There are many things to consider when starting a business and the attorneys at Law offices of J. Craig Demetras are experienced with handling your questions and providing the necessary foundation for your business structure. Here are some of the most frequent questions our office initially receives from our clients.
1. What business entity is best for my company needs? Should I form a limited partnership, an LLC, an S-Corporation, or a C-Corporation? There are a few legal structures for businesses to consider, such as a limited partnership, a limited liability company (LLC), an S-Corporation or a C-Corporation. Each type of structure has its own requirements for formation and maintaining status. A partnership, like a sole proprietorship, attaches personal liability to the owners of the business; however, a limited partnership will offer some liability protection, but this protection is limited to the amount of capital contributed by the limited partner while the general partner continues to hold unlimited liability.
The popular LLC provides member’s liability to be limited to the amount of capital contribution. An LLC is generally protected from personal liability without being required to observe corporate formalities. Unlike Corporations, LLCs are not subject to double taxation, but instead enjoy pass-through taxation, similar to partnerships or sole proprietorships. Although LLCs provide more freedom, there is in fact less legal certainty behind them because statutory and case law is less developed. Moreover, and up until recently, courts have begun to attach personal liability to members of LLCs (e.g., bankruptcy court).
A corporation is a legal entity that is separate from its owner, which generally shields that owner from personal liability. Corporations are subject to double taxation and require various formalities to maintain their status, such as conducting annual meetings, recording meeting minutes, electing directors, and issuing stock certificates.
An S-Corporation offers stockholder’s liability protection to the extent of the amount of capital contributed.
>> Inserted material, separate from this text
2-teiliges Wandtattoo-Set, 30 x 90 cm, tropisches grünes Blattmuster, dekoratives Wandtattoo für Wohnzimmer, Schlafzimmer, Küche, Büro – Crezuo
S-Corporations require no more than 100 stockholders, only specific types of stockholders, and only one class of stock. On the other hand, a C-Corporation issues both common stock and preferred stock. In addition, some elect to be treated as an S-Corporation for U.S. federal income tax purposes.
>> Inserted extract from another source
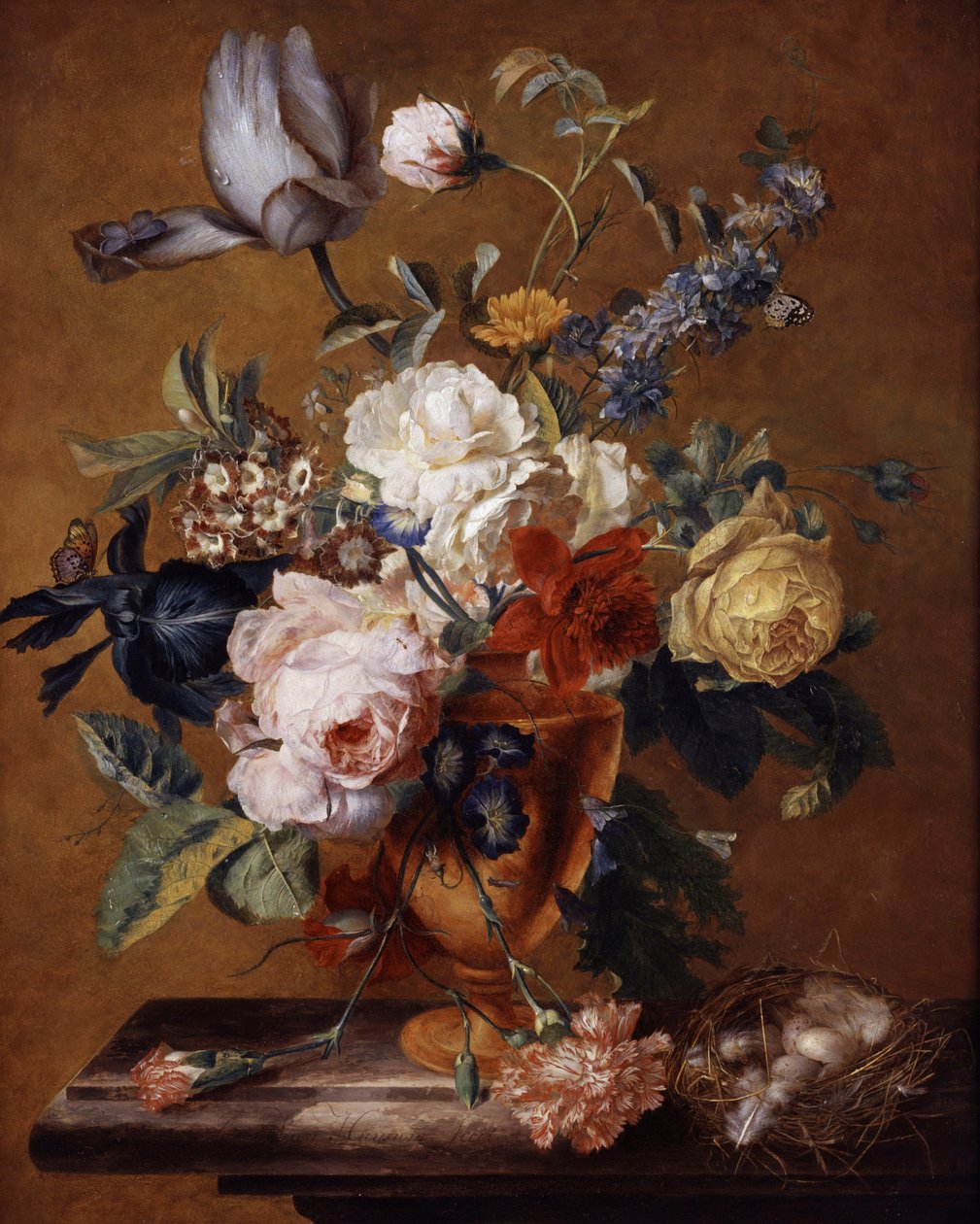 Blomster i en vase. Maleri af Jan van Huysum (1682-1749) Privat samling. af Jan van Huysum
A C-Corporation is the most common entity form for a public company. LLCs and limited partnerships are typically converted to C-Corporations before an initial public offering. An S-Corporation can easily be converted later into a C-Corporation (e.g., before an initial public offering).
As mentioned above, each business entity serves a specific purpose and can serve your business needs depending on what goods or services you plan to provide. Our firm is committed to offering the best legal advice on moving forward with your business.
2. Should I incorporate in Nevada? Delaware is the most common state of incorporation because of its well-developed corporate law. However, if your business is in Nevada, then it is to your benefit to incorporate where the business located. Nevada is very pro-business so if your business is in Nevada then incorporating in Nevada may be best option to save you from additional fees and complexities of incorporating elsewhere.
3. What are the biggest challenges with starting my own business? Starting a business can be very time consuming and challenging for the development of your product or service. Some challenges that our firm can assist you with are developing a business plan that addresses the proper formation, capital and cash flow, and continued legal services through our firm, as well as our firm serving as your registered agent. In addition, depending on the nature of your business, obtaining the necessary permits, licenses, or registrations for your business can be a challenge to begin operating as a legitimate a business (e.g., city and county business permits or licenses, zoning permit, Federal and State tax/employer ID’s, etc.).